Hanya dengan hal seperti itu dia bisa membuatku tersenyum, itu konyol sekali
kan.
“Bagaimana
rasanya?”
Aku
menunggu jawabannya untuk beberapa menit, tapi dia tak kunjung merespon
pertanyaanku. Jadi, aku kembali menyuapkan potongan kue dengan tanganku. Aku
tak percaya ini, dia terlihat menyukai kue buatanku. Dia orang kedua yang
memakan masakanku dan menyenangkan mengetahui hal sesederhana itu.
Kue
itu habis dan dia sendiri yang memakannya. Ya ampun, tadi rencananya aku akan
sarapan bersamanya, tapi kurasa sekarang itu menjadi aku menemaninya sarapan.

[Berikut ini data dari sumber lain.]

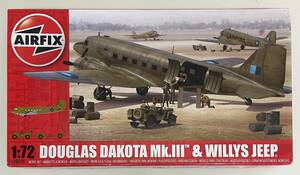 送料710円〜 希少 未使用品 AIRFIX エアフィックス 新規金型 1/72 ダグラス ダコタ MｋIII＆ウィリー ジープ 凹モールド プラモデル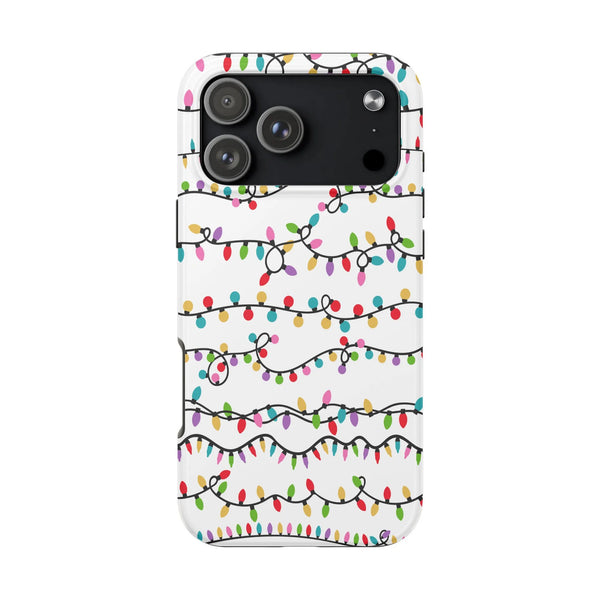 Holiday String Light Pattern Cover, Christmas Lights iPhone Case, Dual Layer Polycarbonate Case, Festive Winter Xmas Aestheti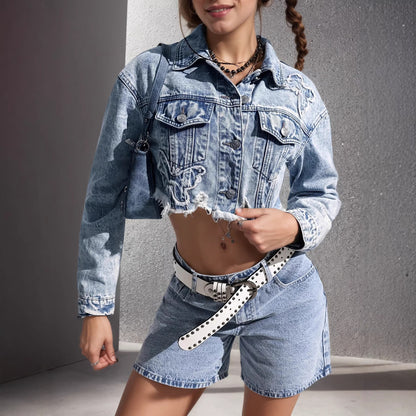 Denoria – Veste en Denim Rétro Ajustée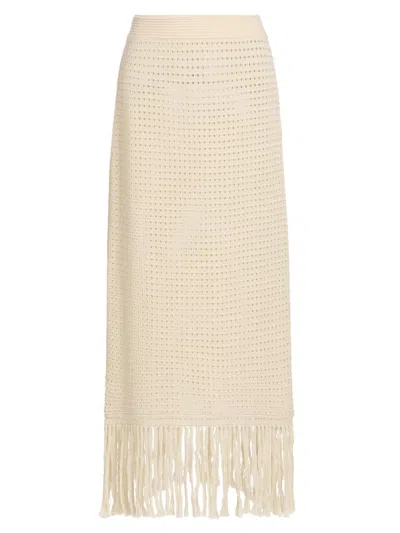 Zimmermann Women's Indra Crochet Fringe Cotton Midi-skirt In Neutral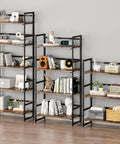 Vintage 5 Tier Folding Bookshelf With Heavy Duty Plant Stand And Zero Hassle Setup Multi Purpose Storage Rack Snap Together Shelf Organizer For Home Office College Dorm Living Room with books and decorations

Kurasa aku akan mengambil jam makan siang lebih dulu nanti.
“Jadi,
bagaimana perasaanmu saat ini, Justin?” Aku menggerakkan tanganku, mencoba
untuk berkomunikasi dengan cara yang lain. Oh
ini terlihat bodoh, aku belum pernah belajar bahasa isyarat sebelumnya dan aku
sama sekali tak mengerti apa pun mengenai hal semacam itu. Dia hanya
memandangku, lama dan aku melihat ada yang berubah dari tatapan matanya, aku
tak lagi melihat tatapan kosong yang kemarin memenuhi semua ruang di matanya.
Hari ini, tatapan matanya lebih bermakna, lebih hidup. “Aku senang.”
Hatiku
bersorak gembira saat mendengar suara kakunya merespon pertanyaanku. Ya ampun,
aku tak percaya ini, dia mau meresponku. Ini kemajuan yang lebih baik dari pada
yang kemarin ternyata. Aku tersenyum lebar padanya. “Apa kau menyukai kue
buatanku?”
Aku
kembali bertanya padanya, kurasa aku tak bisa langsung memulai pertanyaan berat
mengenai masa lalunya, itu bisa kembali menyebabkan guncangan pada jiwanya. Dia
sudah mau berbicara kata selain nama gadis itu, itu saja sudah membuatku senang
dan aku akan kembali melaporkan perkembangan Justin hari ini pada Mr. Joplin.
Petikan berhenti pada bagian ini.